# GOAL OF THE EXERCISE:
Restate word for word only the lines running from the one with "Obce z okolí" to the end of the data, both ends included. Omit any pictures.

++++ EXTRACTED INFORMATION ++++

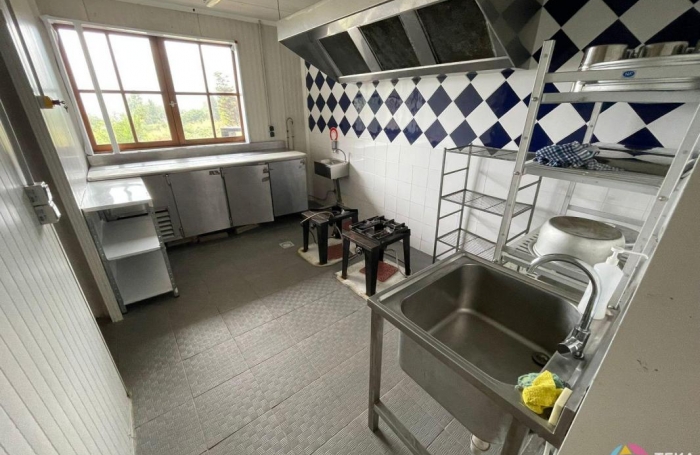 Location Local commercial 316m&sup2; 2 pi&#232;ces Saint-Benoît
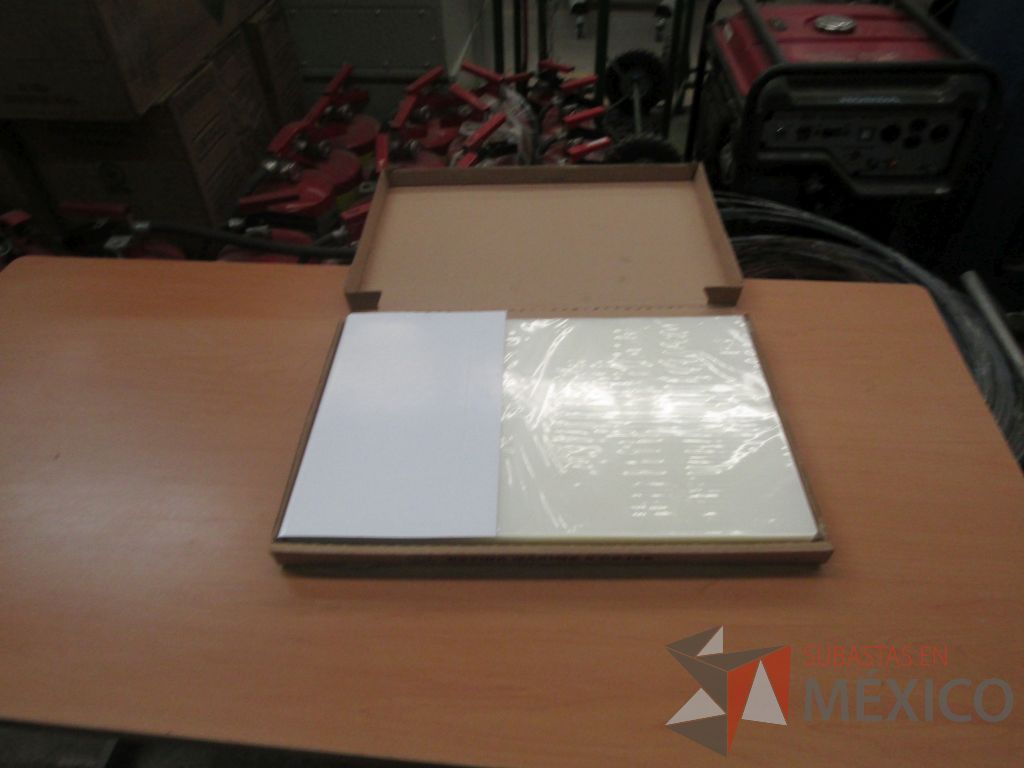 Lote 004 - 1017 Artículos de papelería, cubiertas para engargolar, revisteros, perforadora de 2 orificios ... - Imagen 32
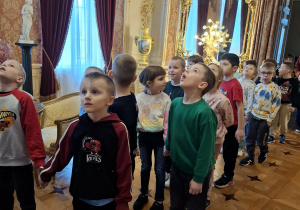 Dzieci uczestniczą w warsztatach "Pałacowa meranżeria".
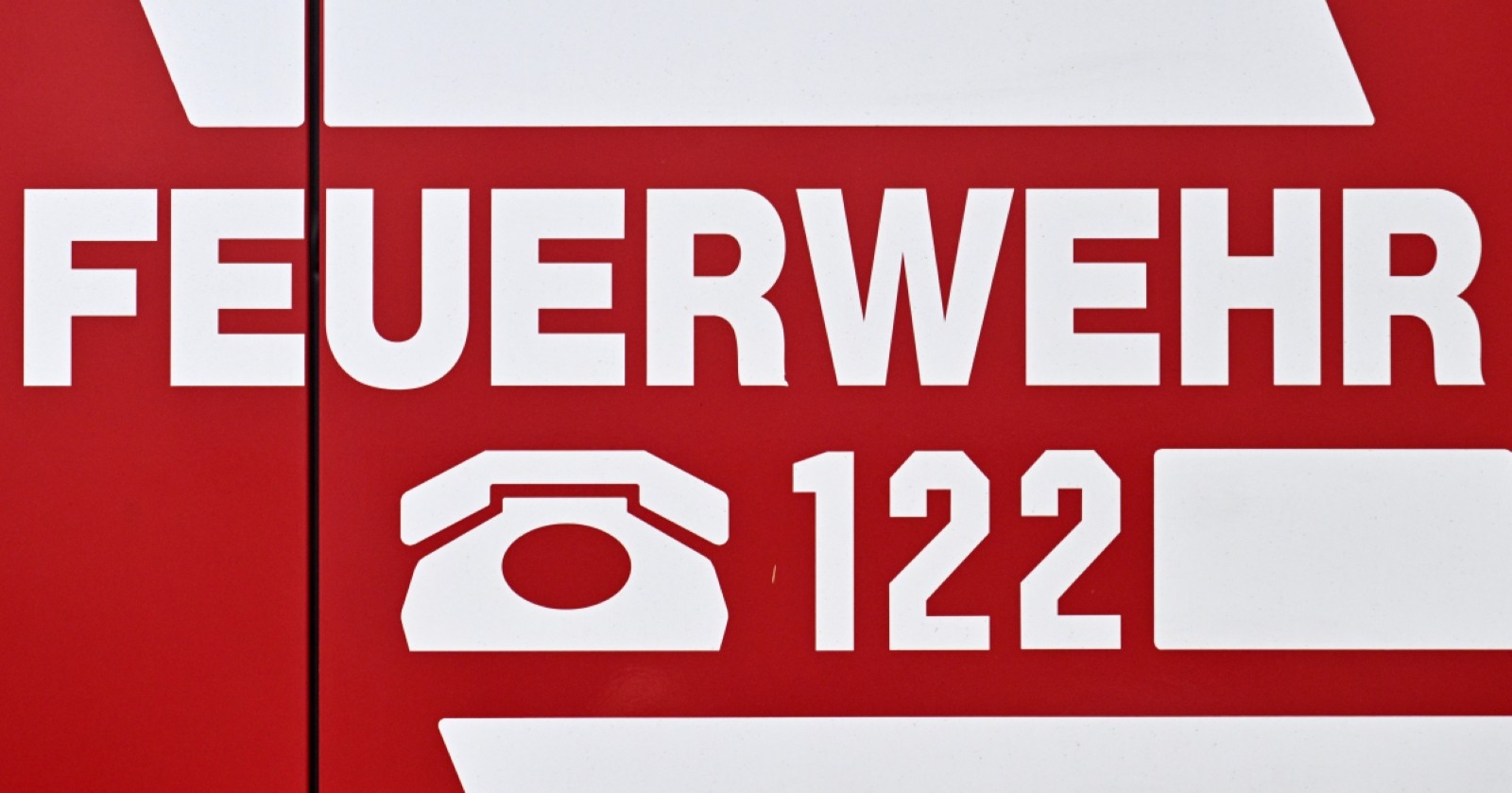 Feuerwehrauto auf dem Feuerwehr und die Nummer der Feuerwehr steht.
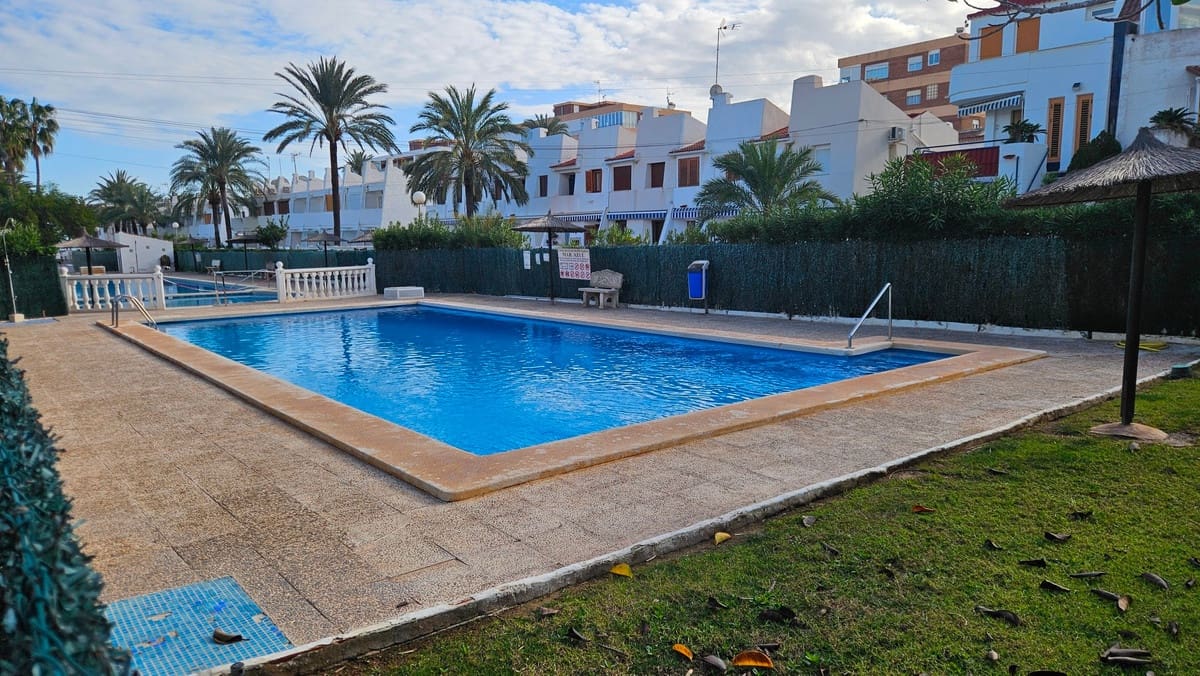 1 chambre Appartement à vendre à Torrevieja - 139 000 € (Ref: 9459736)
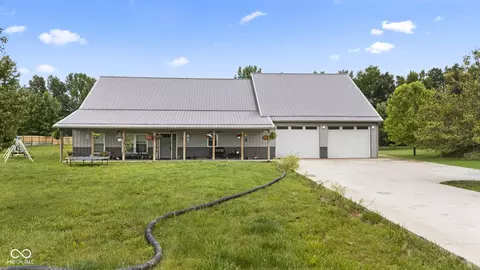 1912 Burns Ct, Austin, IN 47102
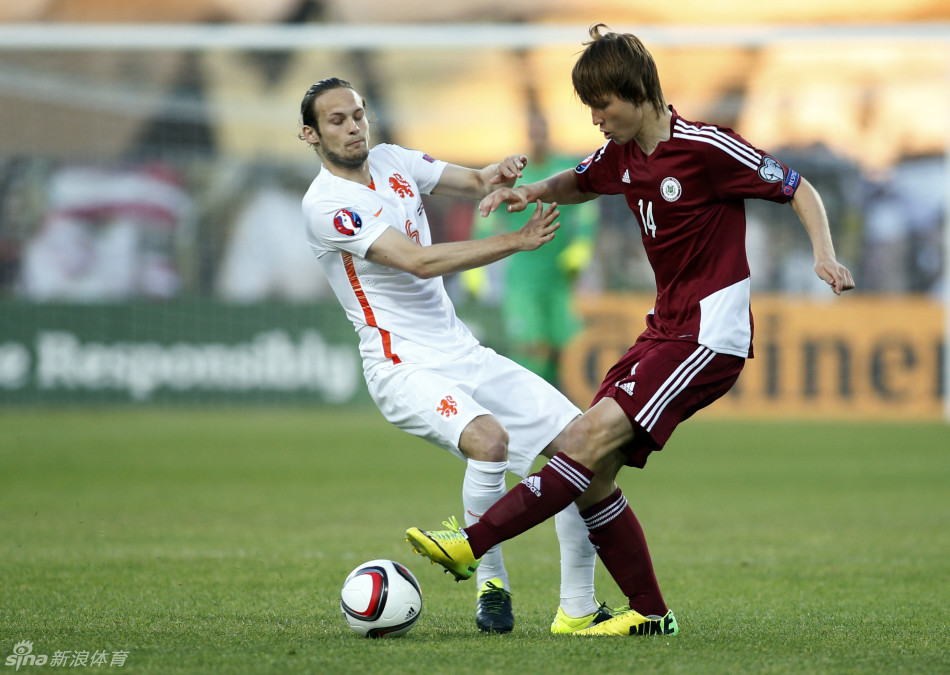 关于真爱永恒!欧预赛传来浪漫求婚事件的信息 关于真爱永恒!欧预赛传来浪漫求婚事件的信息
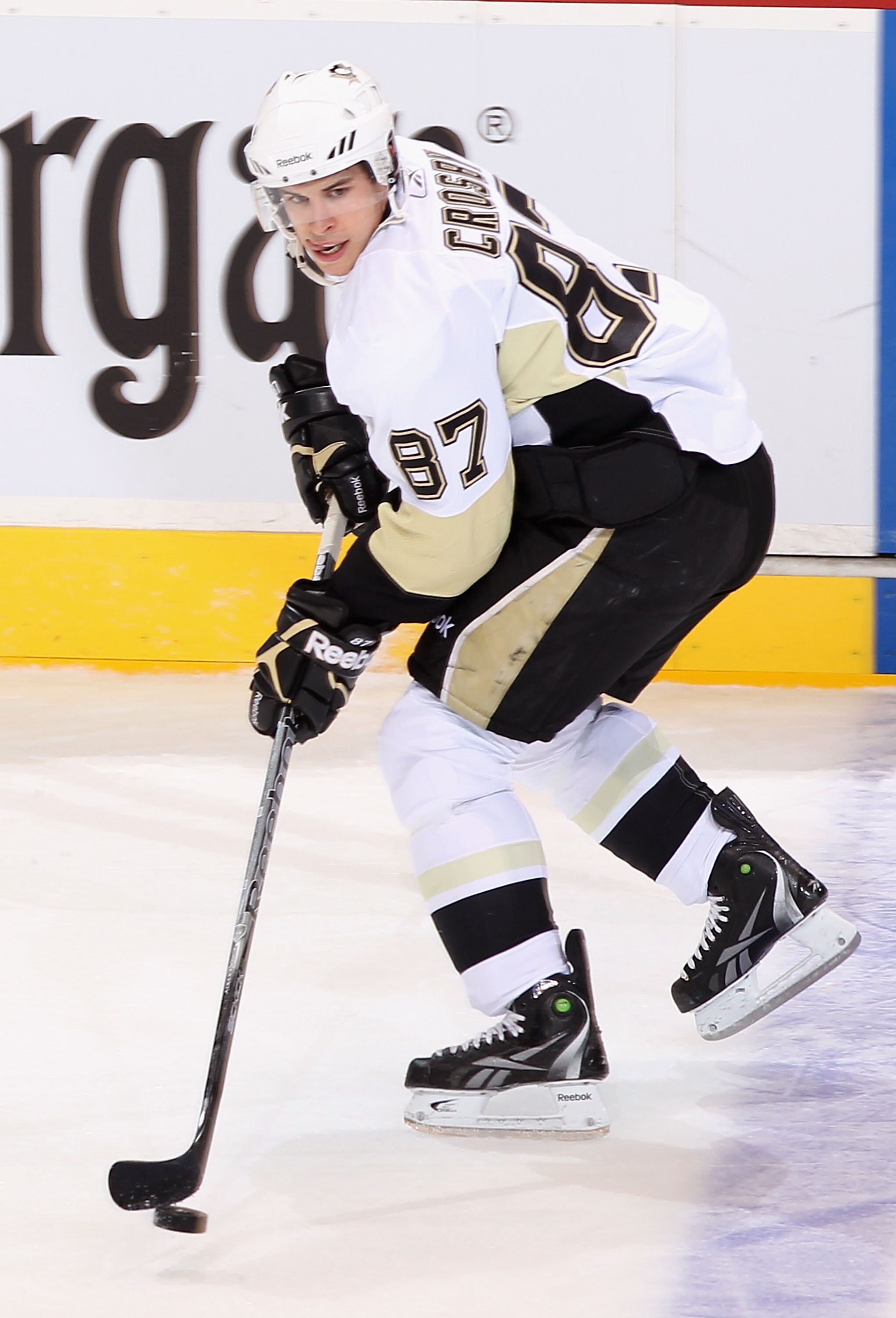 GLENDALE, AZ - NOVEMBER 06:  Sidney Crosby #87 of the Pittsburgh Penguins skates with the puck during the NHL game against the Phoenix Coyotes at Jobing.com Arena on November 6, 2010 in Glendale, Arizona.  (Photo by Christian Petersen/Getty Images)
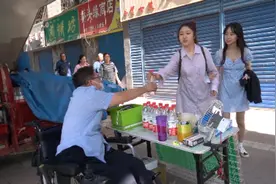 西安残疾大叔连续十年为高考生送水：要把这件事一直做到孙子辈视频封面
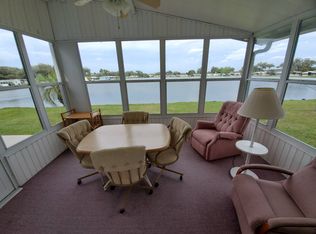 6049 Spring Lake Cir, Zephyrhills, FL 33540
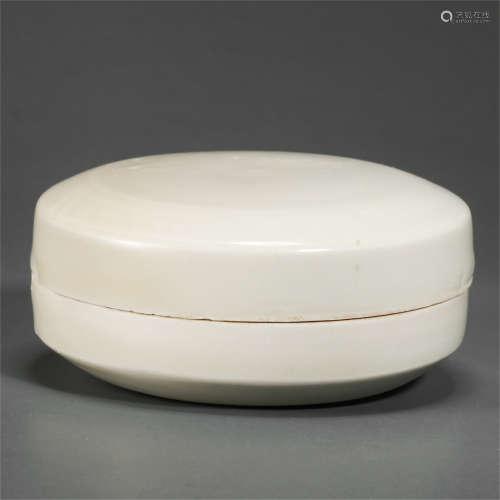 CHINESE PORCELAIN DINGYAO KILN LIDDED ROUND POWDER BOX SONG DYNASTY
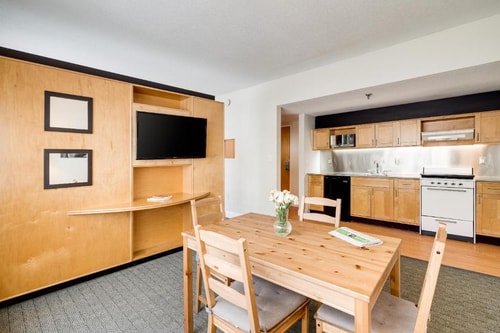 King Studio Near Soundscape Park MIA 2 Luxury Bookings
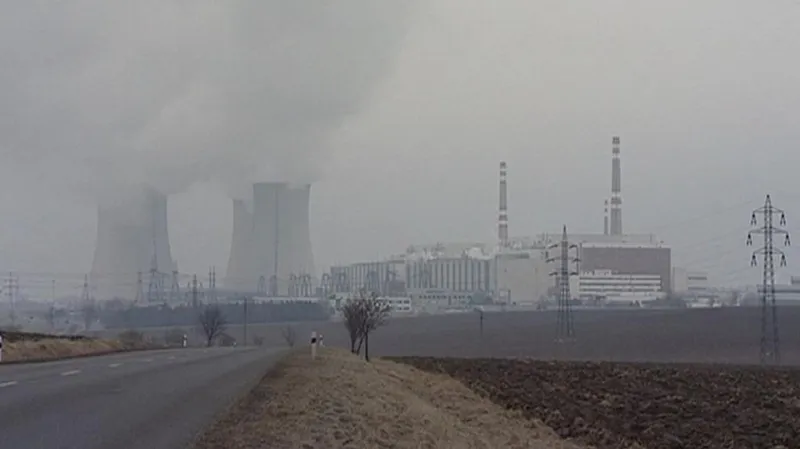 Obce z okolí elektráren požadují po státu miliony do obecních rozpočtů jako kompenzaci za to, že jsou v blízkosti jaderného nebo uhelného zařízení.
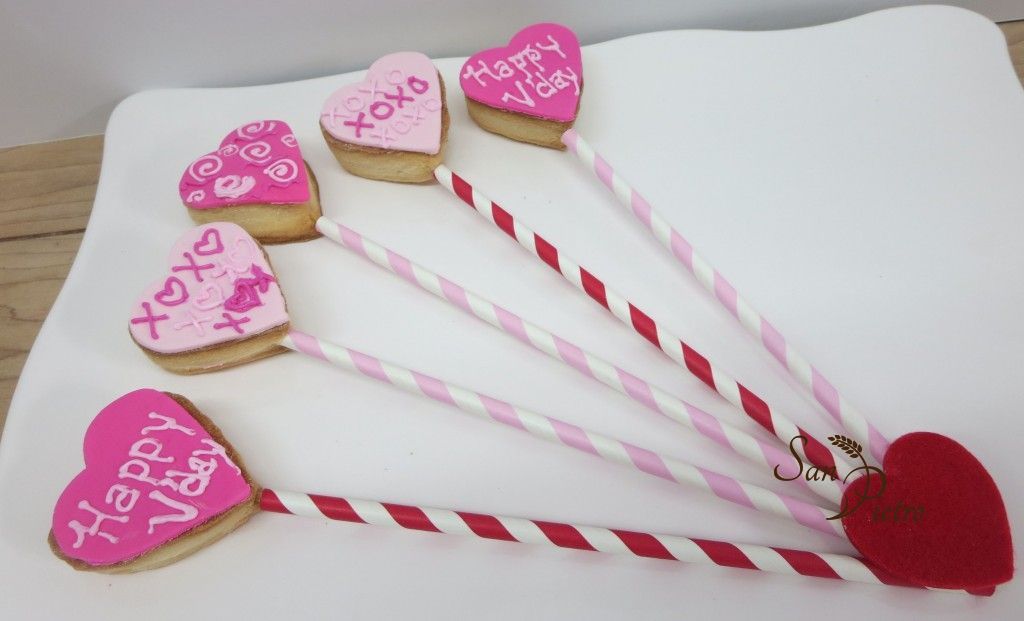 Valentine straw cookies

++++

# SOLUTION FOR THIS TASK:
 Obce z okolí elektráren požadují po státu miliony do obecních rozpočtů jako kompenzaci za to, že jsou v blízkosti jaderného nebo uhelného zařízení.
 Valentine straw cookies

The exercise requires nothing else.